FIELD OF THE INVENTION

The present invention relates to fastener driving tools, and more particularly to a nailing device for driving fasteners through hardwood planks in tight corners in order to secure them to a subfloor.

BACKGROUND OF THE INVENTION

Hardwood flooring generally consists of a number of elongated tongue-and-groove type planks individually fitted close to one another and then fastened in position to a subjacent subfloor. To fasten these hardwood planks to the subfloor of a room composed for example of plywood plates or floor joists, it is known to manually use a mallet-operated nailer. Such a nailer generally comprises a main body with a floor-engageable flat shoe mounted to its bottom surface, upon which the tool rests against a hardwood plank prior to discharging a fastener in the latter. Such a nailer also comprises a magazine holding fasteners such as straight metallic L- or T-shaped barbed straight cleats or U-shaped straight staples, and feeding them to a fastener discharge mechanism. With such manual nailers, to fasten a hardwood plank to the subfloor, a workman has to lay the nailer onto a hardwood plank, and then use a mallet to strike an anvil member of the fastener discharge mechanism. When a mallet strikes the anvil member of the tool, a straight and elongated plunger of the fastener discharge mechanism is axially actuated to strike a cleat held in the magazine, this cleat being then forcibly ejected out of the tool.

In order to hide the nail heads, some nailers drive the fasteners through the plank and into the subfloor in an oblique direction, as opposed to being driven in the planks vertically. This is called “blind nailing”.

However, known nailers driving fasteners in an oblique fashion in hardwood planks reach with difficulty areas very close to upright walls. The hardwood planks located parallel to an upright wall in closely spaced fashion cannot be anchored to the subfloor using such nailers, and the fasteners must instead be driven vertically, e.g. using a manual hammer and nail, into the hardwood plank edge portions adjacent to walls.

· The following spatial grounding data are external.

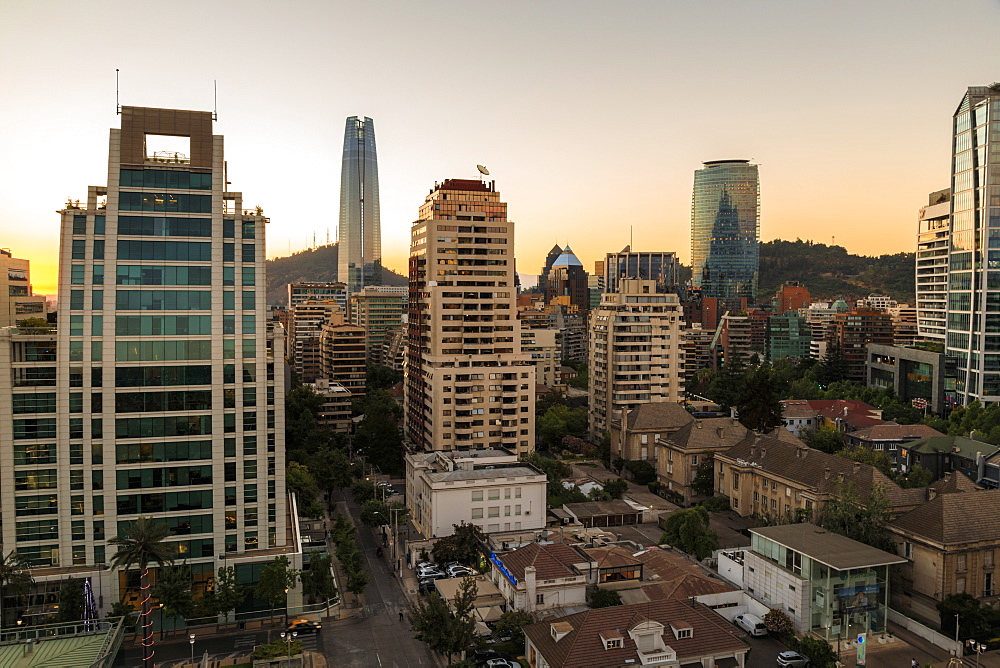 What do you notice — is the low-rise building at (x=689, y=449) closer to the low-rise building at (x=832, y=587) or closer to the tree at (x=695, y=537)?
the tree at (x=695, y=537)

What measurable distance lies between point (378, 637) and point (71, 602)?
21951 millimetres

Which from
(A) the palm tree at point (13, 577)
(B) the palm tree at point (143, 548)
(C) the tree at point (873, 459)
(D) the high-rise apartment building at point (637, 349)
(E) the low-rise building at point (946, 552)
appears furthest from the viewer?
(D) the high-rise apartment building at point (637, 349)

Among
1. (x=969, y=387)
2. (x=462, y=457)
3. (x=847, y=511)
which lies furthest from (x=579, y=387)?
(x=847, y=511)

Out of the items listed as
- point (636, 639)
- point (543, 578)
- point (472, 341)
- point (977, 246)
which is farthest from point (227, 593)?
point (977, 246)

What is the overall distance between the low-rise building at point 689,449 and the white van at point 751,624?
32473mm

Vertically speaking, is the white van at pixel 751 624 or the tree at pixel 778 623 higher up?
Answer: the tree at pixel 778 623

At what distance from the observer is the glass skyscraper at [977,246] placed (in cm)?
12081

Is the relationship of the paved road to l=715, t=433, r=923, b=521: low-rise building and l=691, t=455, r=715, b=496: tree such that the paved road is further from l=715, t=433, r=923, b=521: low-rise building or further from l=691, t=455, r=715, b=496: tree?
l=691, t=455, r=715, b=496: tree

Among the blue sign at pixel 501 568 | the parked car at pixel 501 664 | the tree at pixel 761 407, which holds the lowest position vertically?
the parked car at pixel 501 664

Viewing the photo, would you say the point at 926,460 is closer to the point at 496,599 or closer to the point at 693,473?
the point at 693,473

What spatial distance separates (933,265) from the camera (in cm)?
15238

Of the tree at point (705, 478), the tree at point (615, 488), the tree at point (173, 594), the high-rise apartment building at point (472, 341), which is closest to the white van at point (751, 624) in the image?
the tree at point (705, 478)

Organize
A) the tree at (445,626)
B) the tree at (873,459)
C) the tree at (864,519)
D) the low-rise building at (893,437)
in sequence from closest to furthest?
the tree at (445,626)
the tree at (864,519)
the tree at (873,459)
the low-rise building at (893,437)

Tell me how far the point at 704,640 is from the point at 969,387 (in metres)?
100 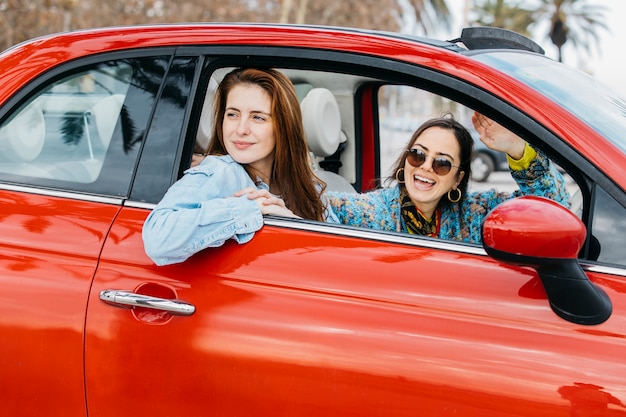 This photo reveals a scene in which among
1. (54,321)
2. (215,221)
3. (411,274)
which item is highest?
(215,221)

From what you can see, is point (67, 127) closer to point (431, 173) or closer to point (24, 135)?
point (24, 135)

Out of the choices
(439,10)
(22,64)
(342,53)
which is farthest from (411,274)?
(439,10)

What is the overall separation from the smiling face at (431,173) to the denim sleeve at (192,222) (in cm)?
72

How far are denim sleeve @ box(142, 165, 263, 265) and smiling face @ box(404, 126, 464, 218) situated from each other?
28.3 inches

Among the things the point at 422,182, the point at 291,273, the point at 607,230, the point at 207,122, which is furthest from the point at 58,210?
the point at 607,230

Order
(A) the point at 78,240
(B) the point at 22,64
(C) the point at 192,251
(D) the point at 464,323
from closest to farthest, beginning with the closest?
(D) the point at 464,323 < (C) the point at 192,251 < (A) the point at 78,240 < (B) the point at 22,64

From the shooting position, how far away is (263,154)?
219 cm

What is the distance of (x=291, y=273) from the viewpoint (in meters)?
1.72

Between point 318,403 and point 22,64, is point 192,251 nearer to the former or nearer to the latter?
point 318,403

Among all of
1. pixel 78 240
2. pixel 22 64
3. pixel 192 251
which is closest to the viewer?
pixel 192 251

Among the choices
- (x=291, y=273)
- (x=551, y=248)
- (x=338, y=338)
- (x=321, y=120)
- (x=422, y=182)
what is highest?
(x=321, y=120)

The invention described in applicant's U.S. Pat. No. 7,303,105 issued Dec. 4, 2007 relates to a nailer for hardwood flooring capable of working directly against an upright wall, but is limited to fasteners being originally arcuate in shape to start with. One drawback of this prior art patent was complexity of its operating mechanism.

A problem with conventional pneumatic nailers is that their nail driver rod must necessarily follow an axially aligned travel path for 100% of their travelling direction, due to the limitation of the straight nailer guide plates. This is a drawback when using straight nails with a nailer, very close to or against an upright wall or other obstacle over the work surface.

SUMMARY OF THE INVENTION

In one embodiment of the invention, a nailer is provided for securing planks to a subfloor or other structure in tight places using fasteners, said nailer comprising: a main body defining a fastener discharge mouth; fastener ejection means operatively mounted in said nailer main body for accommodating passage of a fastener, the fastener having a head at one end and an opposite tip, said fastener ejection means opening outwardly of said nailer at said fastener discharge mouth; an elongated straight push rod, defining an inner end thereof operatively mounted to said fastener ejection means, and defining an outer end portion thereof for freely axially engaging the fastener head, said push rod movable between first and second limit positions, including an intermediate position between said first and second limit positions; wherein said push rod moves rectilinearly between said first and intermediate positions thereof but said push rod outer end portion tilts laterally away when moving in a non-rectilinear fashion between said intermediate and second limit positions thereof; and a plunger actuator nested in said main body and operatively connected to said inner end portion of said push rod, wherein said plunger actuator can be selectively activated for moving said push rod between its said first and second limit positions; wherein upon activation of said plunger actuator, said push rod will move along said fastener ejection means from said first limit position towards said second limit position to forcibly strike the fastener head, wherein between said intermediate position and said second limit position, the push rod outer end portion will be ejected out of said nailer through said fastener discharge mouth and into a subjacent workpiece.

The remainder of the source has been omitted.